Rumah Mang Rusman berjarak sekitar 2 kilometer dari camp PT REKI, pengelola kawasan Hutan Harapan. Rumahnya, kerap dijadikan sebagai tempat berkumpul bagi warga Batin Sembilan. Warga Batin menyebut daerah ini dengan sebutan Sungai Kelumpang.

Juga menjadi tempat berisitirahat sejenak. Sambil menyantap “ikan goreng dan ubi rebus”, kudapan khas Batin Sembilan.

Hasil dari berkumpul dan bertukar pendapat, maka, pada tanggal 3 Desember 2015, ditandatanganilah Naskah Perjanjian Kerjasama (MoU) antara PT REKI dan KTH Lamban Jernang. Dimana areal seluas 353 hektare dapat diusahakan oleh 23 KK dalam skema Perhutanan Sosial.

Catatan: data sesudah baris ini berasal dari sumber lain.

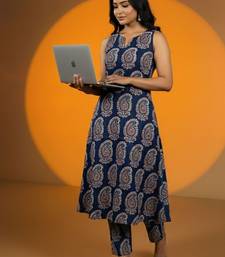 Women Paisley Printed Regular Kurta with Trousers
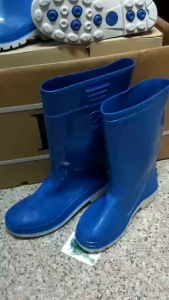 รองเท้าบู๊ต ตราบี.แอล สีน้ำเงิน ผลิตจากยางพีวีซีเกรดดี สูง 12 นิ้ว และ 14 นิ้ว ขนาด 9.5-12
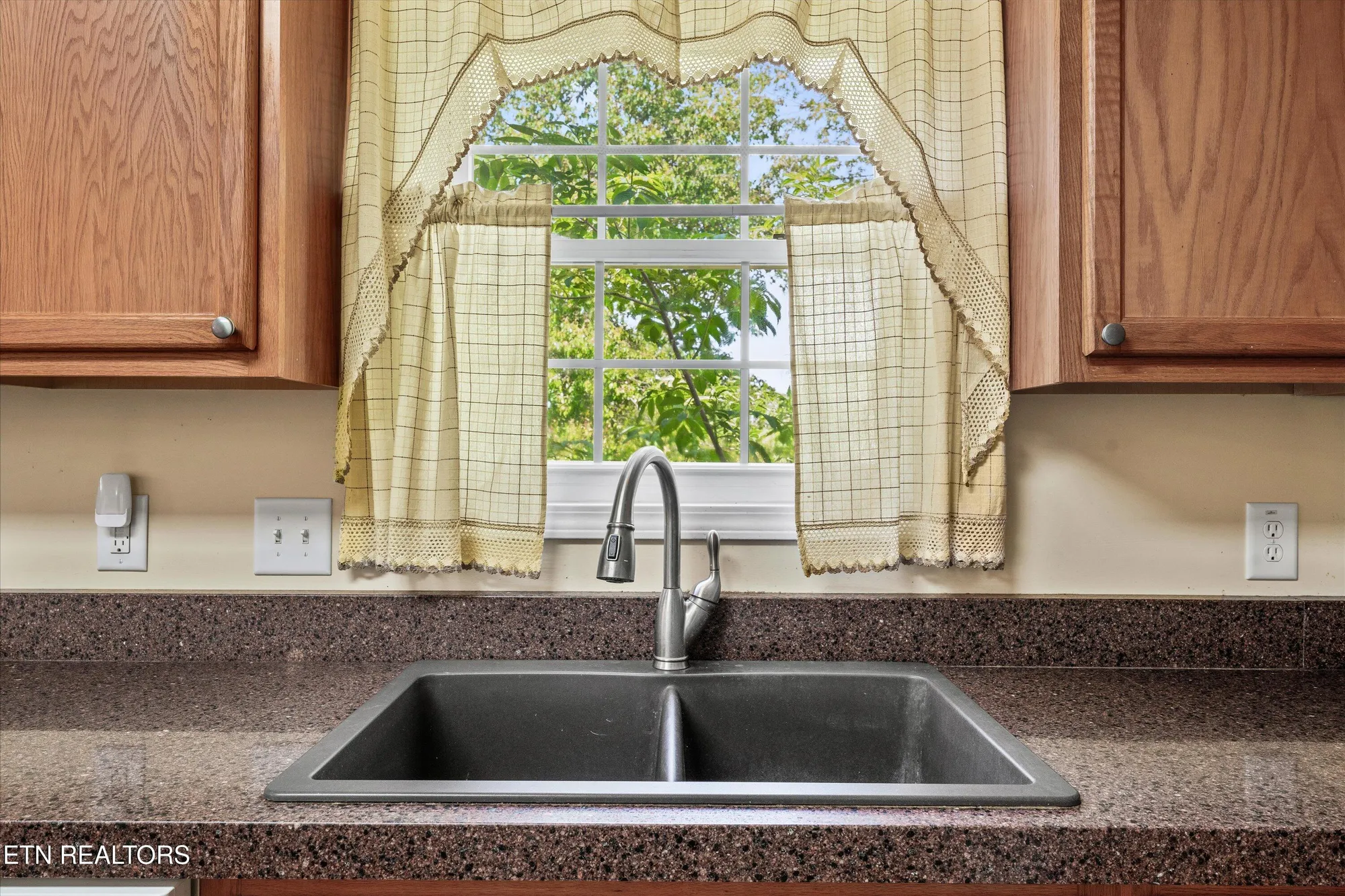 Property Slideshow image 14 of 48 | 102 chaloni ln, Loudon, TN, 37774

Beruntung, pada Desember 2018, Presiden Jokowi datang ke Jambi untuk menyerahkan langsung sebanyak 92 Surat Keputusan (SK) Perhutanan Sosial seluas 91.997 hektare untuk 8.165 keluarga di Provinsi Jambi.

Bi Teguh, isteri Mang Rusman, menerima langsung SK itu dari Presiden Jokowi.

Sewaktu itu, Jokowi menyerahkan langsung SK Perhutanan Sosial untuk  15 hutan desa (42.667 hektare untuk 535 KK), 38 hutan kemasyarakatan (18.870 hektare untuk 3.992 KK), 33 hutan tanaman rakyat (28.998,61 hektare untuk 3.441 KK), enam pengakuan dan perlindungan kemitraan kehutanan seluas 1.461,93 hektare untuk 279 KK.

Kelompok Batin Sembilan yang menerima SK pada waktu itu adalah KTH Lamban Jernang -Sungai Kelompang, Kelompok Tanding (17 KK), dan Kelompok Gelinding (10 KK).

Awalnya, masyarakat Batin Sembilan terbiasa dengan ketergantungannya terhadap sumber daya hutan. Mereka mencari ikan di sungai-sungai kecil, mencari madu, getah damar, getah jelutung, dan sejenisnya, atau yang dimaksud dengan Hasil Hutan Bukan Kayu (HHBK).

Kini, dengan skema Perhutanan Sosial, banyak hal yang dapat dimanfaatkan oleh warga indigenous people ini.

KTH Lamban Jernang memiliki demplot seluas 1 hektare. Demplot ini, sebagai percontohan, ditanami karet. Selain juga pengembangan agroforestry sejenis kebun campur . Dimana banyak jenis tumbuhan dapat diatanam dan dimanfaatkan hasilnya. Sepeti jengkol, petai, durian, alpukat, pisang, dan nenas.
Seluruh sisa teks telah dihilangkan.